Pipariya is a town in Hoshangabad district Indian state of Madhya Pradesh. It is known for the railhead for the military station and tourist destination of Pachmarhi. Pipariya railway station is on the Itarsi-Jabalpur rail line and is under the Jabalpur railway division.

Demographics
The Pipariya city is divided into 21 wards for which elections are held every five years. As of the 2011 census of India, the Pipariya Municipality has a population of 48,826 of which 25,294 are males and 23,532 are females. 

There were 5,666 children aged 0–6 is 5666 (11.60% of the population).
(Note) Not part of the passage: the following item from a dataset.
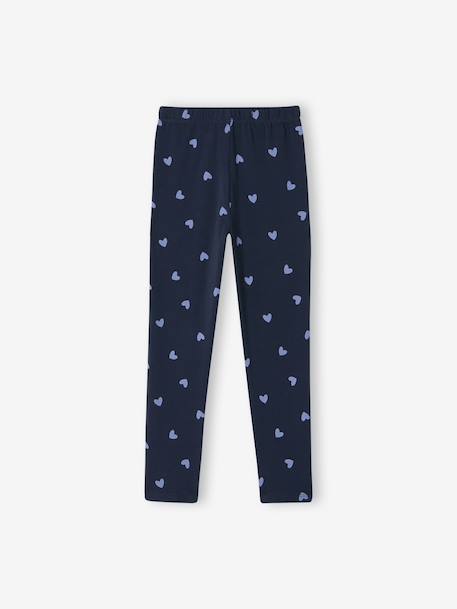 Printed Leggings for Girls almond green+aqua green+blue+ink blue+mauve+printed green+printed pink - vertbaudet enfant 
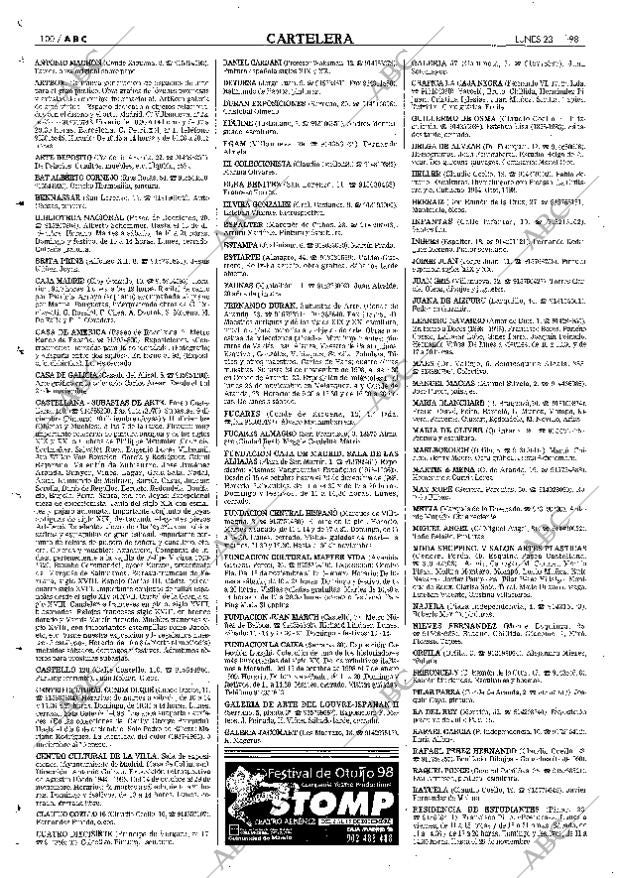 ABC MADRID 23-11-1998 página 100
The female sex ratio was 930 against the state average of 931: for children it was around 900 compared to the state average of 918. the literacy rate of Pipariya was 86.16%, higher than the state average of 69.32%. Male literacy was 91.61% and female literacy rate 80.34%.

Pipariya Municipality had over 10,225 houses to which it supplies basic amenities like water and sewerage. It is also authorised to build roads within the municipality limits and to impose taxes on properties coming under its jurisdiction.

Schedule castes constituted 15.95% of the population and Schedule Tribes 3.27%.

15,707 people were engaged in work or a business activity. Of this, 12,809 were males and 2,898 females. In the census, a worker is defined as a person who does business, has a job, provides a service, is a cultivator or does labour activity. 88.65% of workers were engaged in main work and 11.35% in marginal work.